Democratas negam ter feito pedidos a Epstein

Em uma dessas comunicações, ligada à campanha de Hochul à reeleição para a Câmara, havia, segundo a reportagem, um link de inscrição para um evento de arrecadação em Nova York. Havia também, prossegue o jornal, uma promessa de participação em uma "recepção VIP íntima" com a senadora democrata Kirsten Gillibrand, no cargo desde 2009, mediante contribuição mínima.

Apesar das abordagens, o jornal relata não ter encontrado provas de que Epstein tenha doado recursos aos candidatos citados depois do início dos anos 2000. Também não há registros de presença dele nos eventos divulgados.

Leia mais: "Irã usa caso Epstein para liderar campanha contra os EUA"

Em declaração reproduzida pelo periódico, Walter Swett, fundador da Dynamic SRG, afirmou que os e-mails foram "desenhados para parecer pessoais", mas faziam parte de campanhas de envio em massa típicas da arrecadação eleitoral. Ele disse que a empresa não investigou Epstein porque ele nunca respondeu às mensagens e acrescentou que lamenta que "um predador" tenha sido incluído nessas solicitações.

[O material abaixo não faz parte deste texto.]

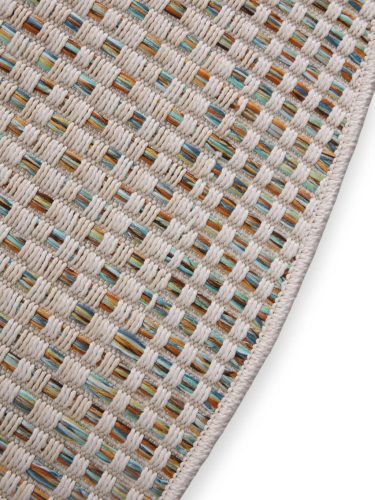 In- & Outdoor Rug Agra Cream/Blue ø 200 cm round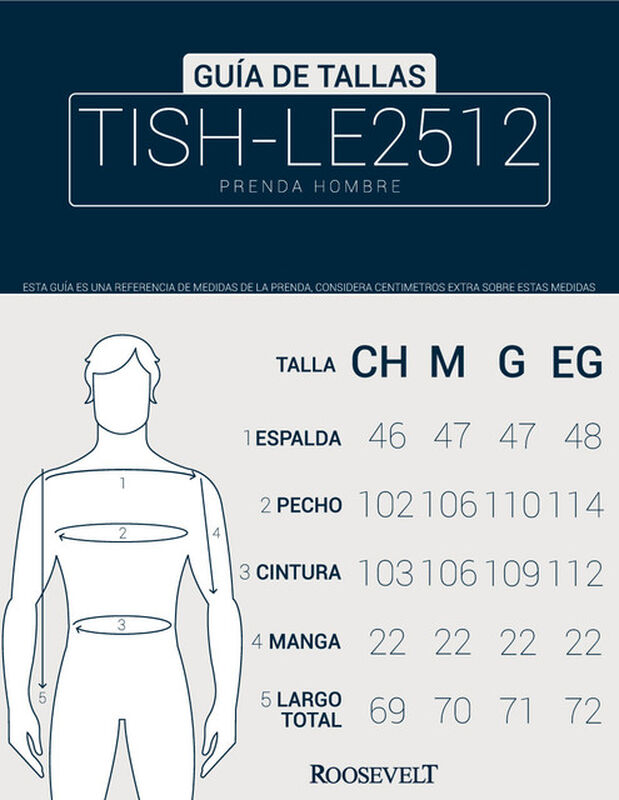 Playera Casual Caballero Premium Estampada Azul... image number null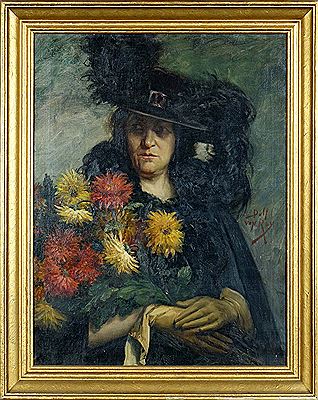 The Lady with the Dahlias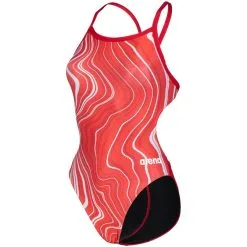 Arena Girl's Marbled Challenge Back One Piece 12 Arena Girl's Marbled Challenge Back One Piece -Women Sales Store ArenaMarbledChallengeRed
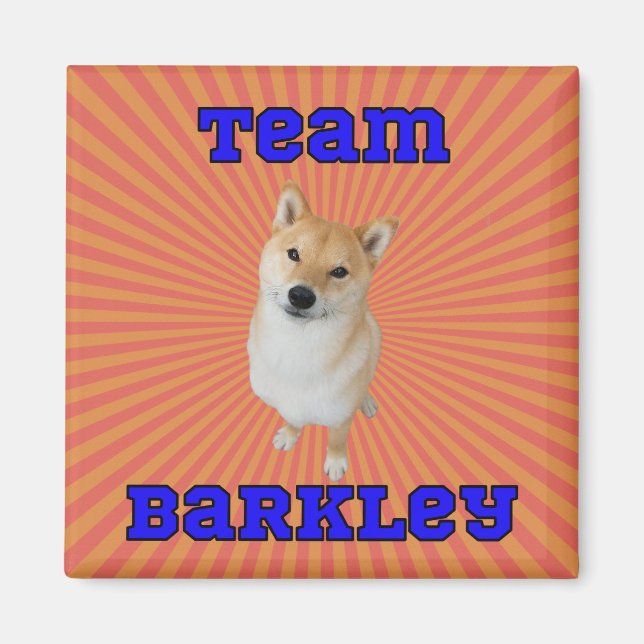 Team Barkley - 2 Inch Square Magnet (Front)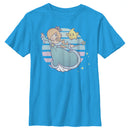 Boy's Nintendo Super Mario Rosalina And Luma Striped Background Portrait T-Shirt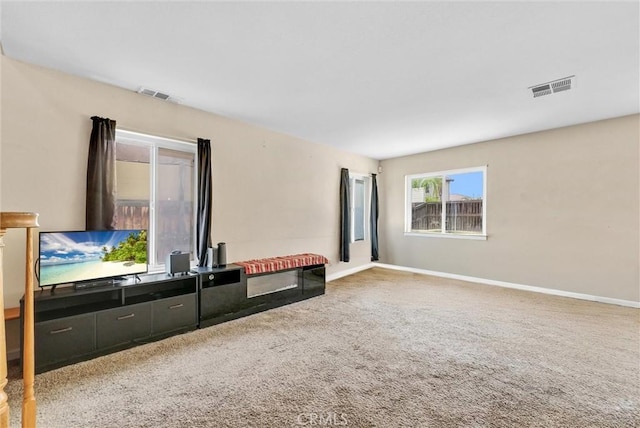 view of carpeted living room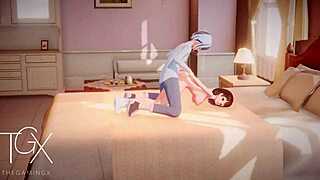 Anime hentai futanari games with sexy girl doing blowjob, cowgirl, and anal in wild positions!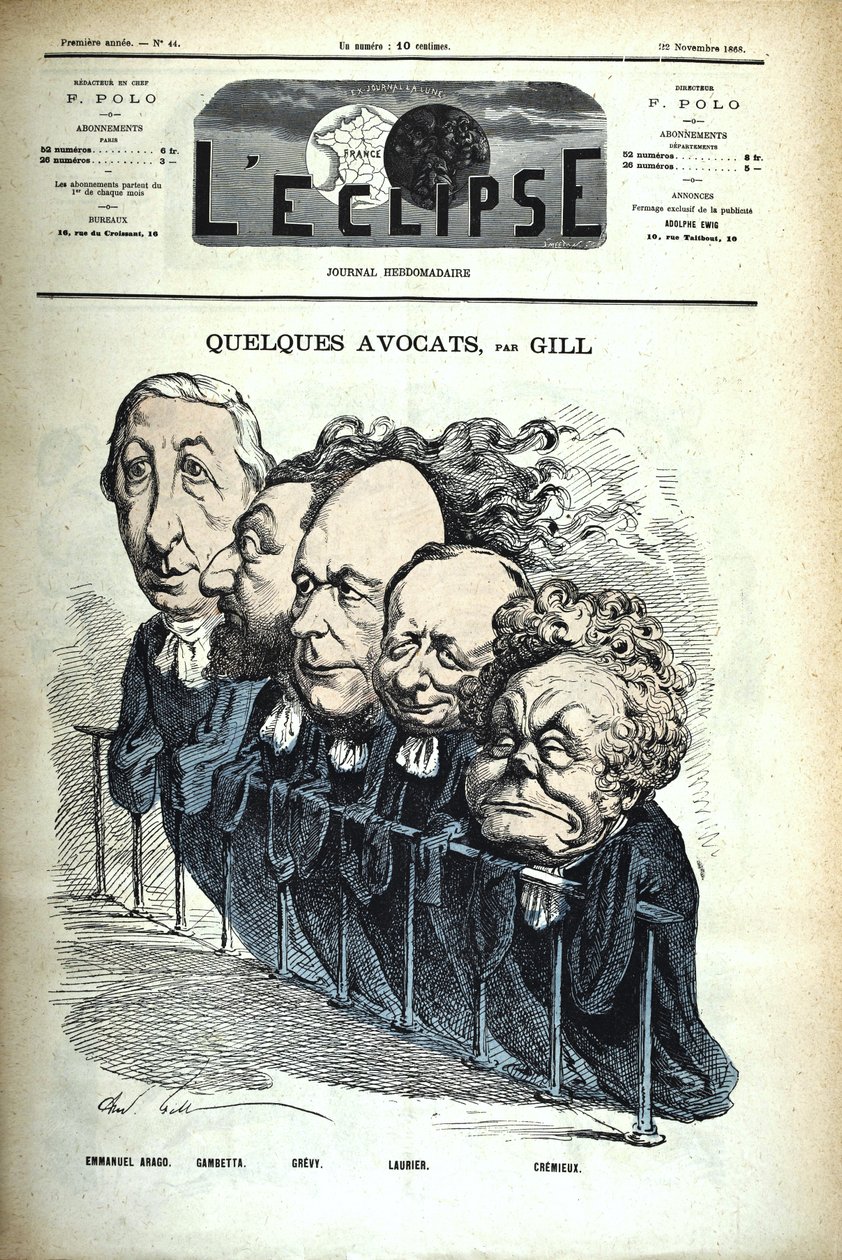 André Gill - Alguns advogados - L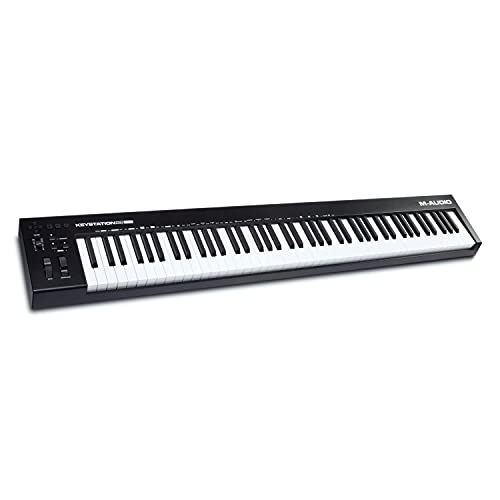 M-Audio Keystation 88 MK3 – MIDI Keyboard Controller mit 88 halbgewichteten Tasten für die Kontrolle über virtuelle Synthesizer und DAW-Parameter von M-Audio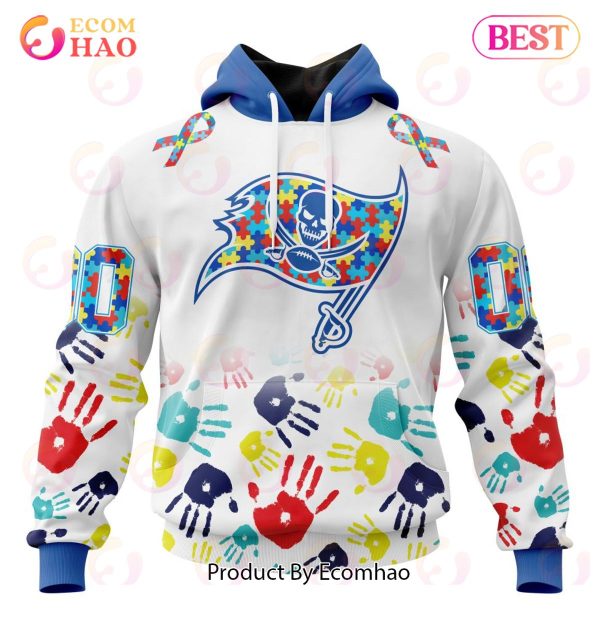 Best NFL Tampa Bay Buccaneers Autism Awareness Collection 3D Hoodie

Os políticos mencionados negaram qualquer envolvimento. A assessoria de Hochul declarou ao jornal que a governadora jamais teve contato com Epstein nem sabia que a consultoria havia pedido contribuições em seu nome, acrescentando que hoje não mantém vínculo com a empresa.

Representantes de Jeffries remeteram a declarações anteriores nas quais o parlamentar rejeita qualquer relação com Epstein. Crowley, por sua vez, afirmou ter ficado surpreso ao ver seu nome nos registros e disse que nunca autorizou pedidos de doação dirigidos ao financista.